Bir zamanlar birbirinin gözlerinde hayat bulan iki insan… Aynı evde yaşlanma hayalleri kuran, birbirine “iyi ki” diyen, tek bir bakışla anlaşabilen iki kişi… Ne oluyorsa oluyor, bir gün yolları ayrılıyor. Peki sadece yollar mı? Hayır… Kalpler de bölünüyor, dil keskinleşiyor, düşmanlık başlıyor.

Boşanma, sadece bir hukuki süreç değil; aynı zamanda iki insanın birlikte yürüttüğü hayalleri, anıları, hatta kimlikleriyle yüzleştiği bir duygusal yıkım.
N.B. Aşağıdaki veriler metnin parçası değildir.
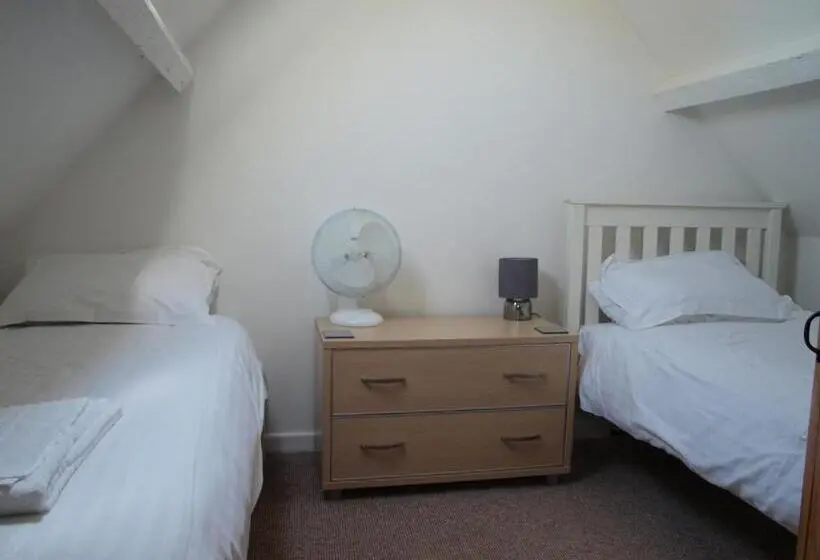 2 Bedroom Apartment, Red Lion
Elbette herkes anlaşarak, dostça ayrılamıyor. Ama bu kadar büyük bir sevgiyle başlayan bir ilişki, neden nefretle son buluyor?

Aslında cevabı basit ama acı: Kırgınlıklar birikiyor, duygular ifade edilmeden bastırılıyor, beklentiler konuşulmuyor. Ve o suskunluklar, zamanla öfkeye, öfke düşmanlığa dönüşüyor. Sevgiyle kurulan köprüler, anlayış eksikliğinden yıkılıyor.

Boşanmak, hayatın sonu değil. Hatta çoğu zaman yeniden başlamanın adı. Ama ayrılırken birbirini suçlamak, geçmişi yok saymak, bir zamanlar “canım” dediğin kişiyi “düşman” ilan etmek… İşte asıl yıkım orada başlıyor.

Oysa olgunlukla yürütülen bir boşanma, en az bir evlilik kadar değerlidir. Saygıyla biten ilişkiler, çocuklara da, topluma da umut verir. Çünkü sevgi bitti diye insanlık da bitmemeli.

Belki de hepimizin hatırlaması gereken şu: Bir zamanlar sevmiştik… Ve bu sevgiye, sonu ne olursa olsun, biraz daha hürmet etmeliyiz.